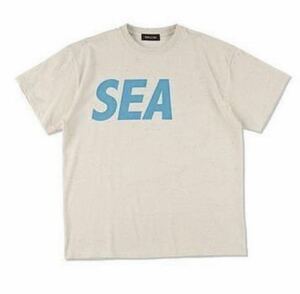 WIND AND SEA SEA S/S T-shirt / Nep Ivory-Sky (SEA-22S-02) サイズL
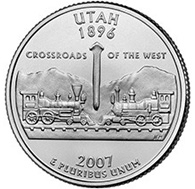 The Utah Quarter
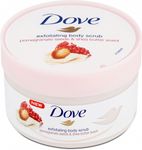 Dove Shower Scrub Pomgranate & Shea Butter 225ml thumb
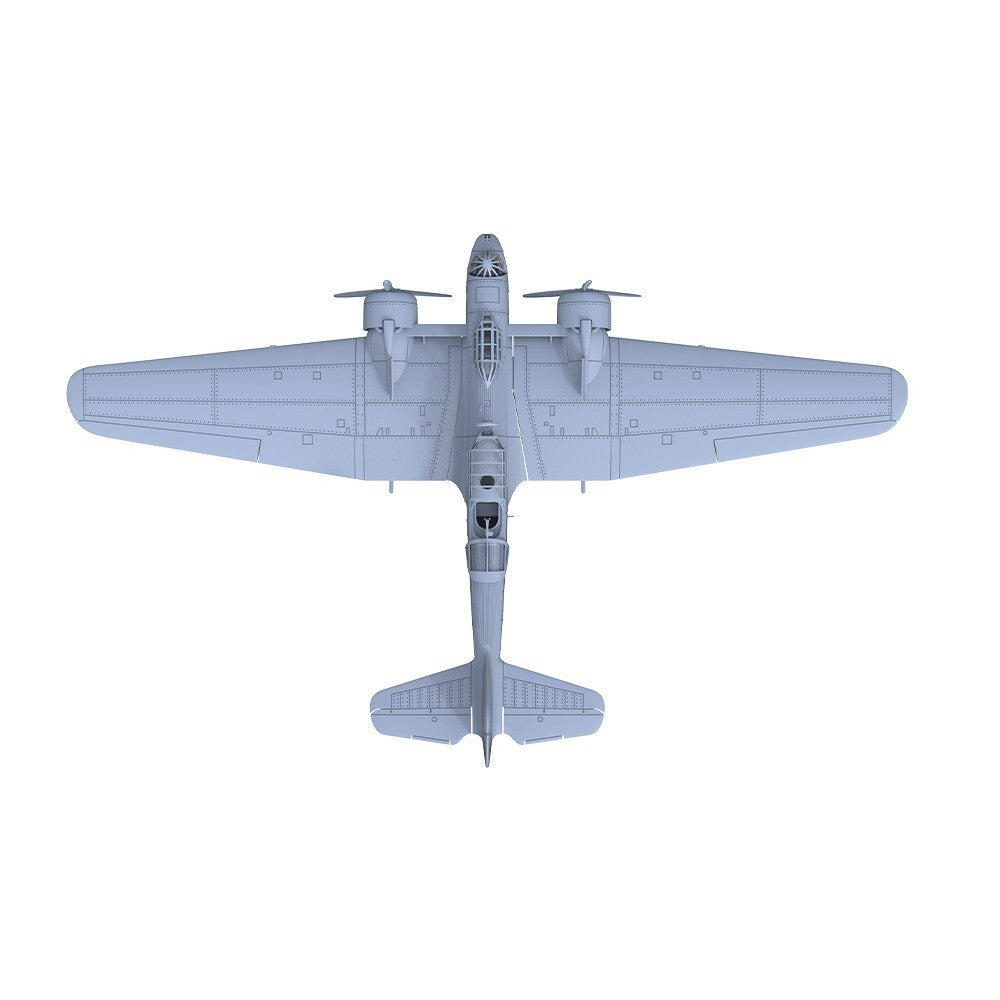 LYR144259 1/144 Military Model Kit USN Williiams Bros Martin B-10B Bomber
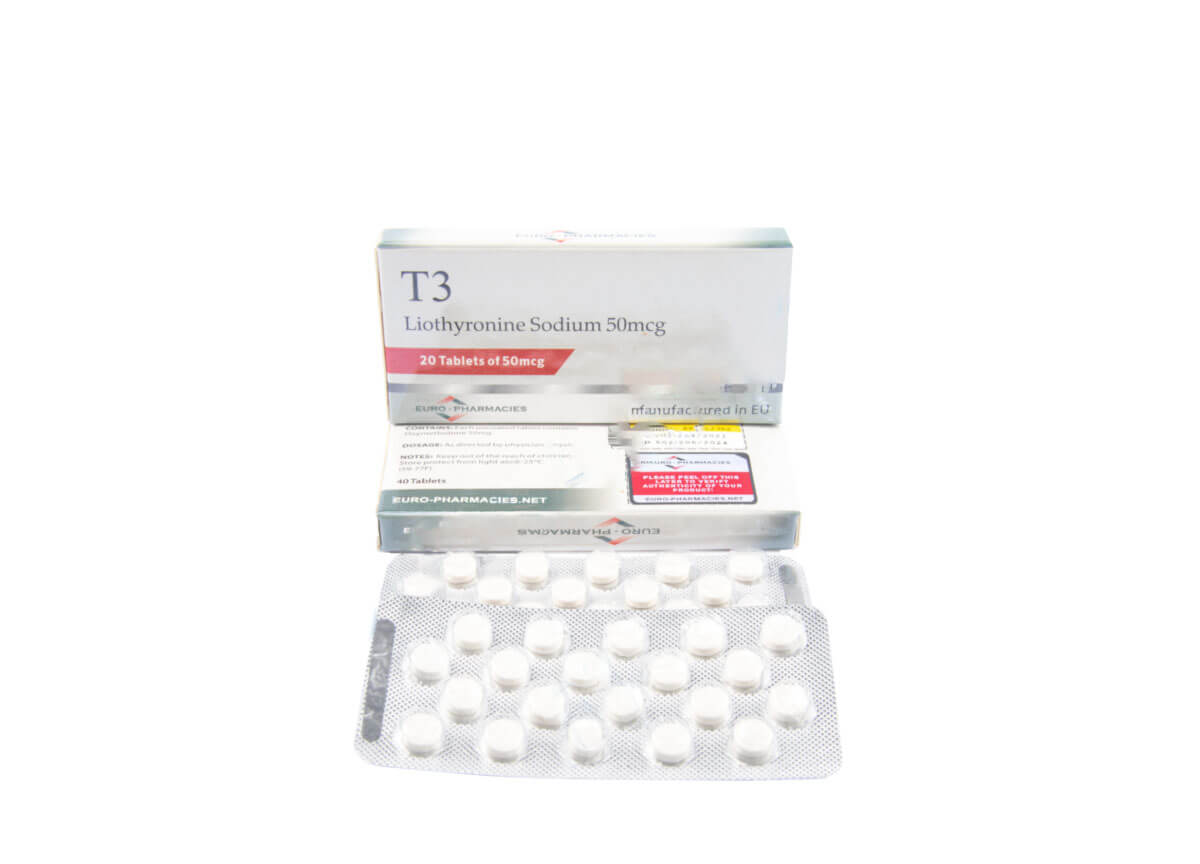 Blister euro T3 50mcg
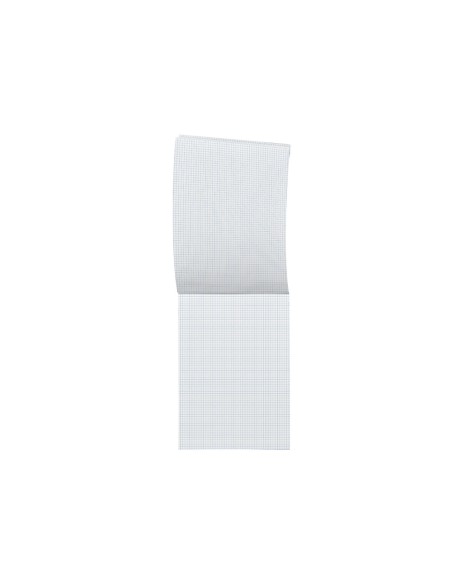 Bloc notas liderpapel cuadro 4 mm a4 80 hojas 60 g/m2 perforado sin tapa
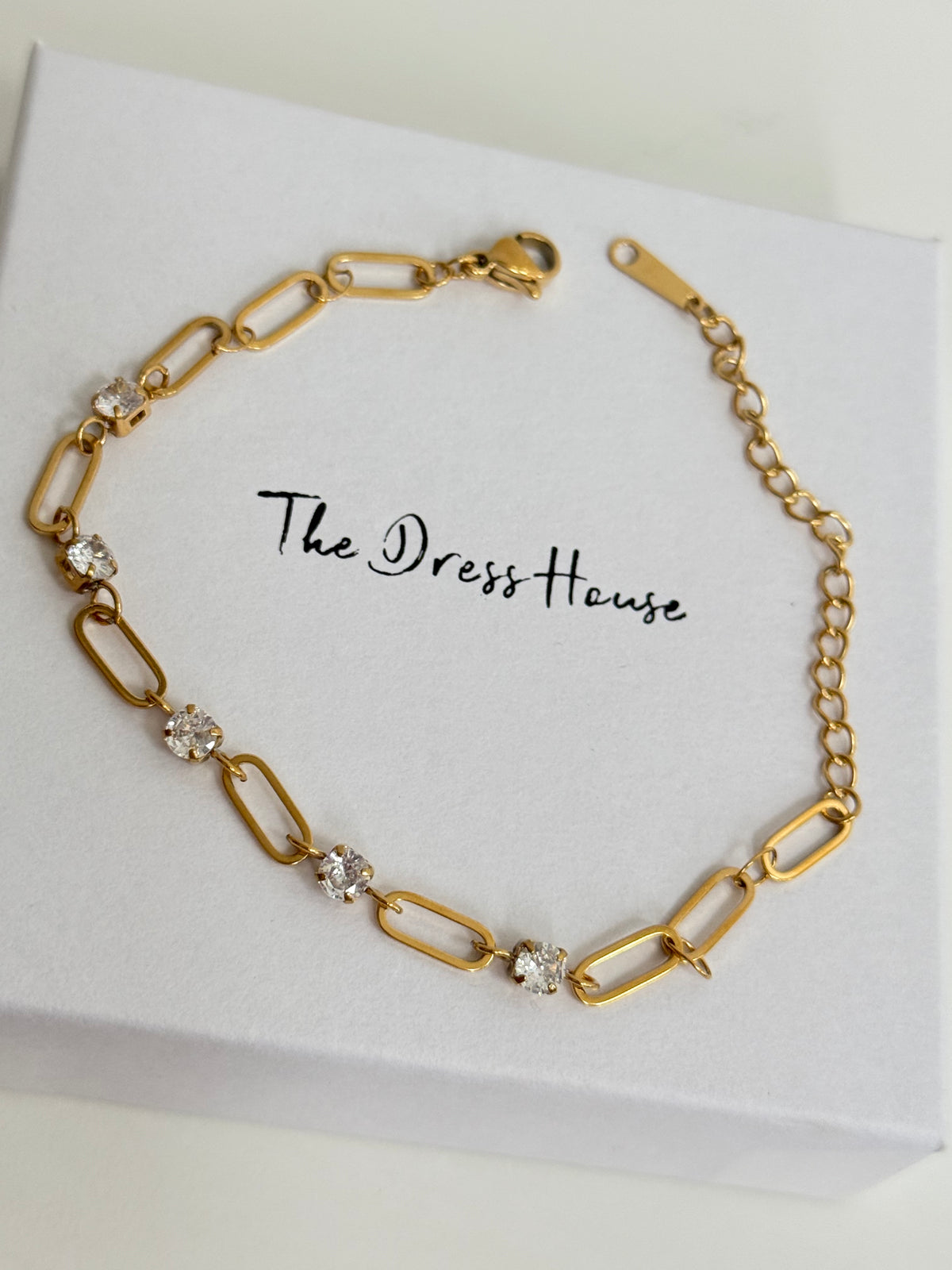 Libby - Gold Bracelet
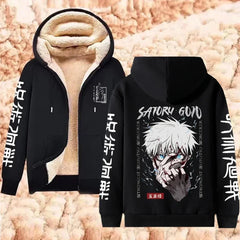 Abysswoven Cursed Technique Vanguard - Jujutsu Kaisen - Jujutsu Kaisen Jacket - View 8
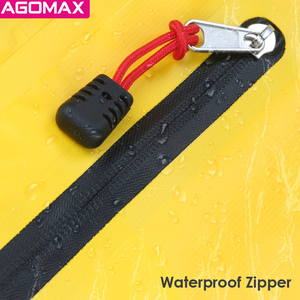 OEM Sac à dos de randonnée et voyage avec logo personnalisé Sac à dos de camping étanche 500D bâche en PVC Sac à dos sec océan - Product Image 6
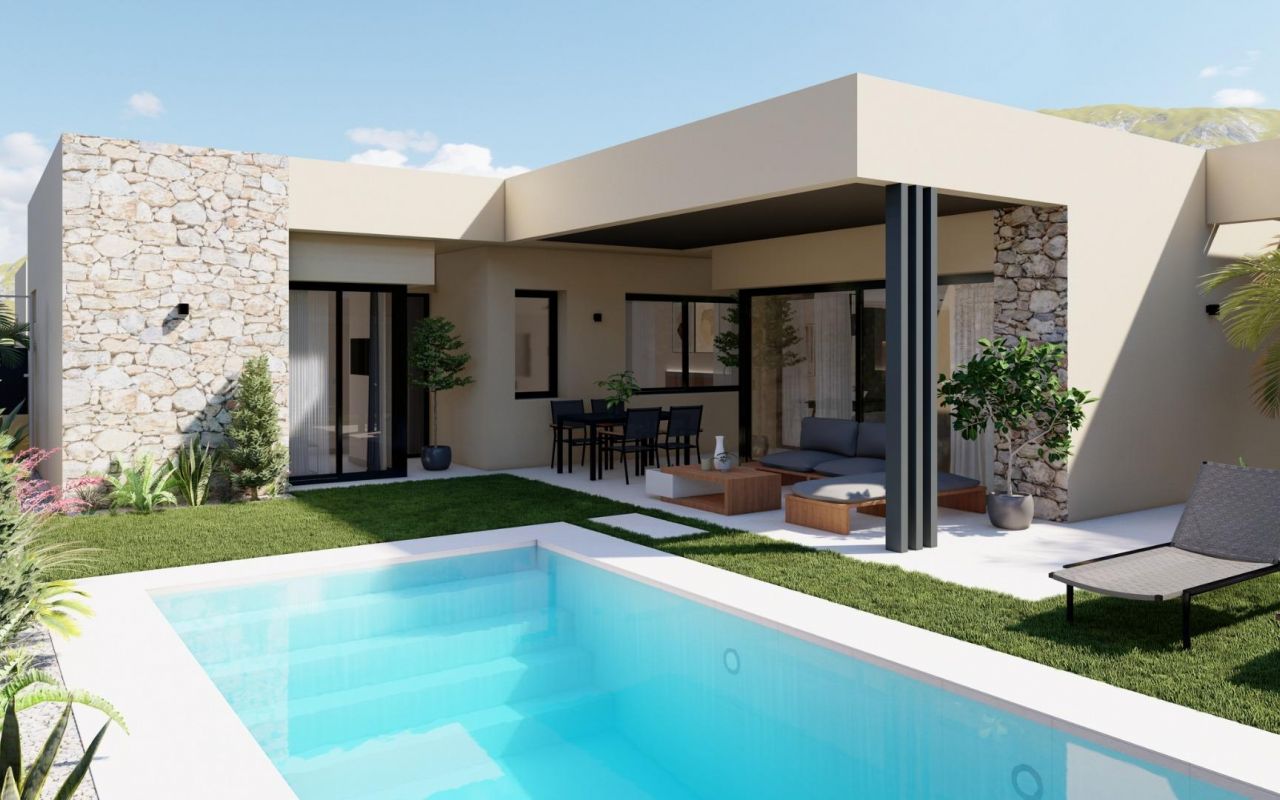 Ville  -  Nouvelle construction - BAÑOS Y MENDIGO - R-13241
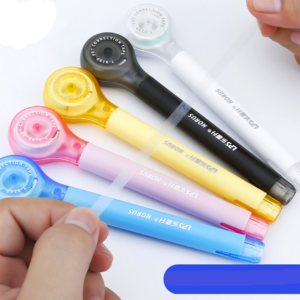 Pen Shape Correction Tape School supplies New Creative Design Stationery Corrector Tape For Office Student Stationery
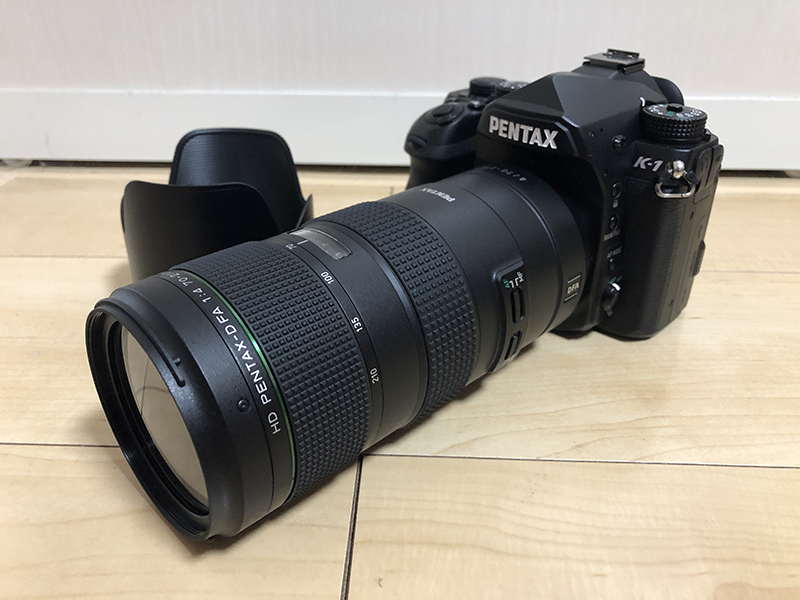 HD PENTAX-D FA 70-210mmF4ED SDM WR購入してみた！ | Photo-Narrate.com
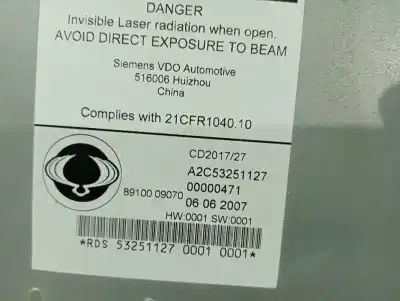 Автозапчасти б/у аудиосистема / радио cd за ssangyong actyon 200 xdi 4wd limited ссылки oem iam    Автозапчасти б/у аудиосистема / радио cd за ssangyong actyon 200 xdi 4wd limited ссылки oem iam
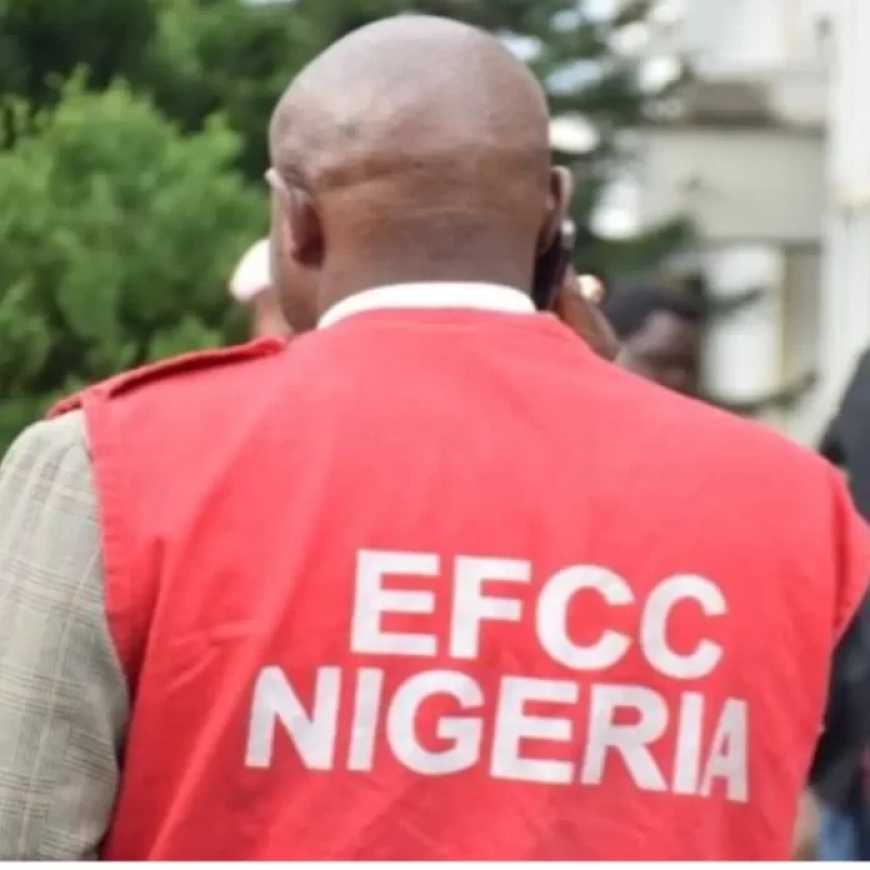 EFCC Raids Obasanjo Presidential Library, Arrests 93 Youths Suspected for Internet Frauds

┄┄┄┄┄┄

> _Task instructions_
Without the pictures, give back the entries exactly.

> _Response for this exercise_
 WIND AND SEA SEA S/S T-shirt / Nep Ivory-Sky (SEA-22S-02) サイズL
 The Utah Quarter
 Dove Shower Scrub Pomgranate & Shea Butter 225ml thumb
 LYR144259 1/144 Military Model Kit USN Williiams Bros Martin B-10B Bomber
 Blister euro T3 50mcg
 Bloc notas liderpapel cuadro 4 mm a4 80 hojas 60 g/m2 perforado sin tapa
 Libby - Gold Bracelet
 Abysswoven Cursed Technique Vanguard - Jujutsu Kaisen - Jujutsu Kaisen Jacket - View 8
 OEM Sac à dos de randonnée et voyage avec logo personnalisé Sac à dos de camping étanche 500D bâche en PVC Sac à dos sec océan - Product Image 6
 Ville  -  Nouvelle construction - BAÑOS Y MENDIGO - R-13241
 Pen Shape Correction Tape School supplies New Creative Design Stationery Corrector Tape For Office Student Stationery
 HD PENTAX-D FA 70-210mmF4ED SDM WR購入してみた！ | Photo-Narrate.com
 Автозапчасти б/у аудиосистема / радио cd за ssangyong actyon 200 xdi 4wd limited ссылки oem iam    Автозапчасти б/у аудиосистема / радио cd за ssangyong actyon 200 xdi 4wd limited ссылки oem iam
 EFCC Raids Obasanjo Presidential Library, Arrests 93 Youths Suspected for Internet Frauds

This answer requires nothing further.